Required action: Please copy out the listing below in full and exactly.

Supplied information:
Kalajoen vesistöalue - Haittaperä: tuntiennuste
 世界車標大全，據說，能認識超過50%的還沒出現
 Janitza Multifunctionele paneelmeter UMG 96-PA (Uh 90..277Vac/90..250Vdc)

Exercise response:
Kalajoen vesistöalue - Haittaperä: tuntiennuste
 世界車標大全，據說，能認識超過50%的還沒出現
 Janitza Multifunctionele paneelmeter UMG 96-PA (Uh 90..277Vac/90..250Vdc)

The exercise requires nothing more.